*** Opening of Source material ***

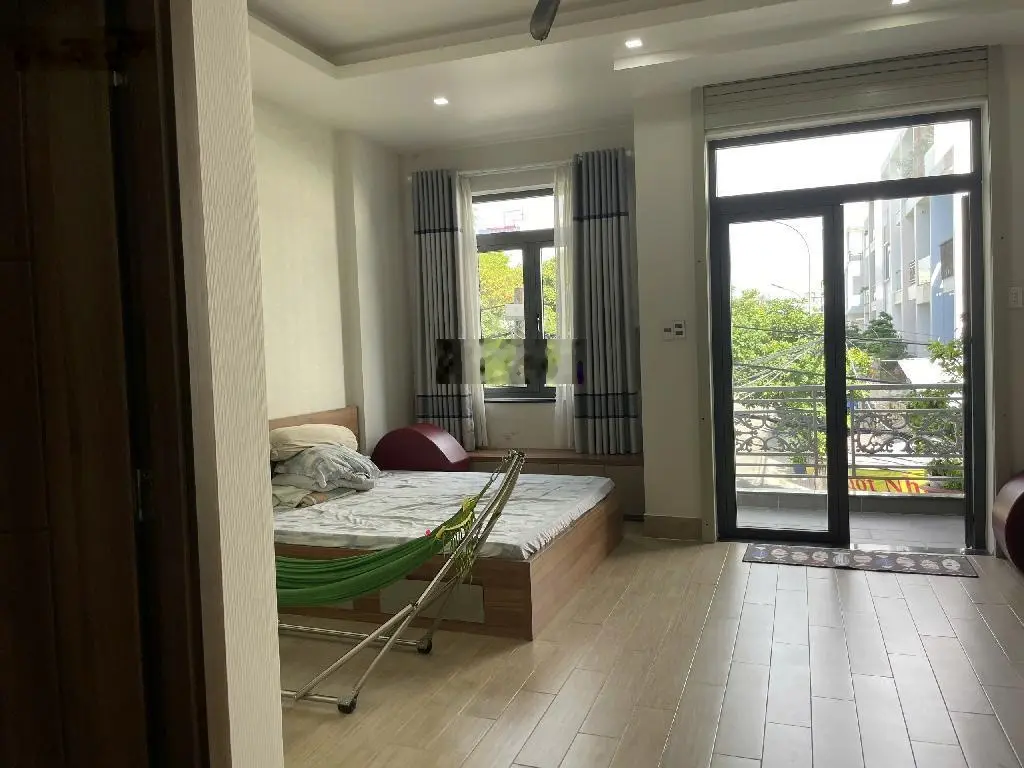 Nhà 3 tầng, Nguyễn Duy Trinh, Bình Trưng Đông, 70m2, ngang 5m, cạnh Lakeview City, nhỉnh 6 tỷ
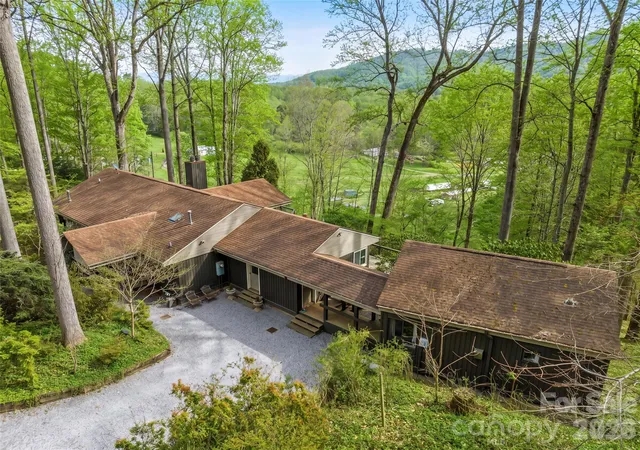 Photo 4 of Single family home for sale at 198 Brooks Branch Rd, Leicester, NC 28748 | MLS# 4342516 | Listing updated on 2026-08-24
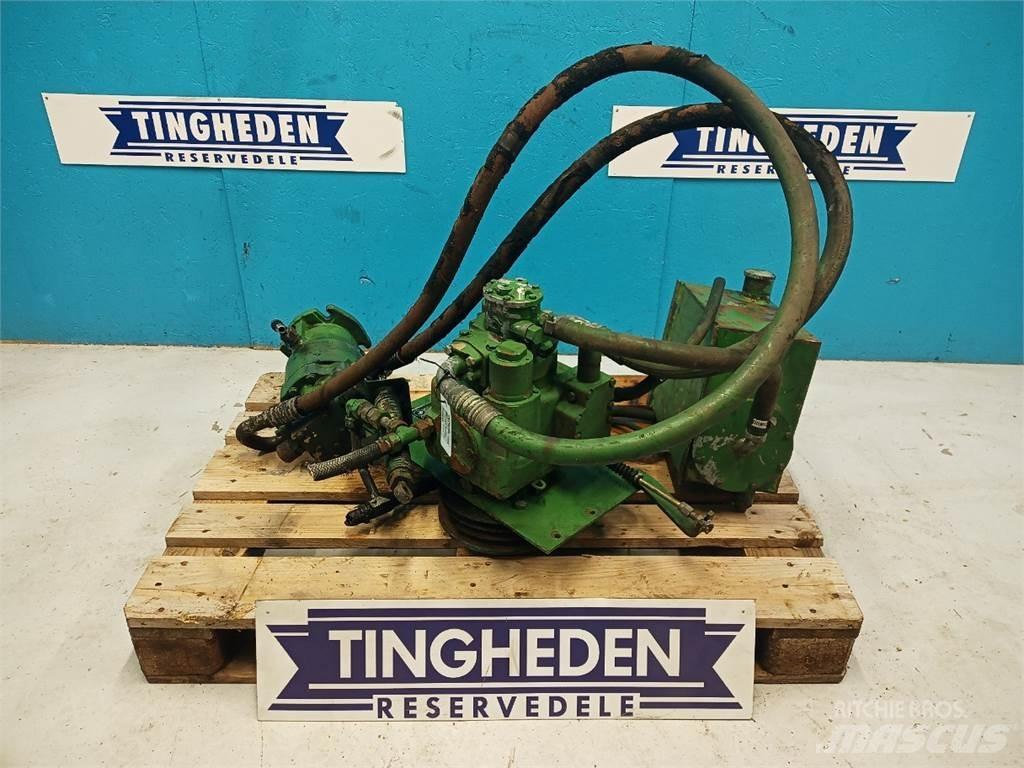 John Deere 1085 هيدروليات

*** Close of Source material ***

(About this exercise) Set the listing above down again exactly, leaving pictures out.

(Expected answer)
 Nhà 3 tầng, Nguyễn Duy Trinh, Bình Trưng Đông, 70m2, ngang 5m, cạnh Lakeview City, nhỉnh 6 tỷ
 Photo 4 of Single family home for sale at 198 Brooks Branch Rd, Leicester, NC 28748 | MLS# 4342516 | Listing updated on 2026-08-24
 John Deere 1085 هيدروليات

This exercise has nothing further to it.